Der Pfarrgarten lag unmittelbar an den Feldern der reichen Dorfgemarkung. Es gab Fenster am Pfarrhause, von denen aus man kaum einen Dachgiebel des Dorfes, sondern nur den großen Garten, die wogenden Felder, und links die dunkle Linie eines hohen, dem Rücken der Hügelwellen folgenden Buchenwaldes sah. In diese Hügel war das stattliche Pfarrdorf hineingebettet. Rechts über einer langen Reihe von Obstbäumen hin erblickte man die Türme einer großen Stadt.

Es war ein freundlicher Sommernachmittag.

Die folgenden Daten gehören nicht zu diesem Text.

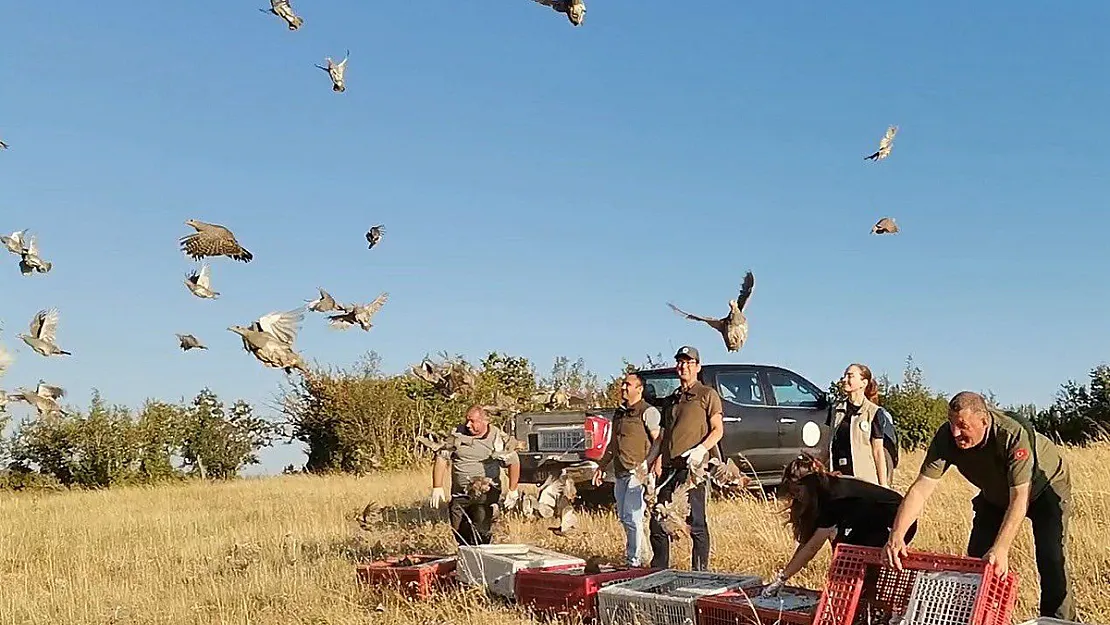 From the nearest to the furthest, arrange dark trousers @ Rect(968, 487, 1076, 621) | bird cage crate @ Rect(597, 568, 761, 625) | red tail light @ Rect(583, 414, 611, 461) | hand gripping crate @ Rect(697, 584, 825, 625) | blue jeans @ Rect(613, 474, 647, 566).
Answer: hand gripping crate @ Rect(697, 584, 825, 625)
dark trousers @ Rect(968, 487, 1076, 621)
bird cage crate @ Rect(597, 568, 761, 625)
blue jeans @ Rect(613, 474, 647, 566)
red tail light @ Rect(583, 414, 611, 461)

In der großen Laube, deren Rückwand von Hagebuchen gebildet war und deren Seitenwände aus Stangen bestanden, die wilder Hopfen und eben reich blühende Feuerbohnen umrankten, saß der Herr Pfarrer und die Frau Pfarrerin, jedes mit einer Arbeit beschäftigt. Die Pfarrfrau saß nicht um ihrer Ruhe willen da, es galt ihr mehr, die Arbeit ihres Mannes vor Unterbrechungen zu schützen; sie selbst wurde öfters abgerufen, sei es, daß Arme sie in Anspruch nahmen oder eine 147 Bäurin sich Rats zu erholen kam oder ihr Jüngster einen Käfer brachte, den er im Garten oder draußen auf der angrenzenden Wiese gefunden hatte, und den nun die immer bereite Mutter in einem Spiritusglase unterbringen mußte, das hinter ihrem Stuhle im Bohnenlaube verborgen stand.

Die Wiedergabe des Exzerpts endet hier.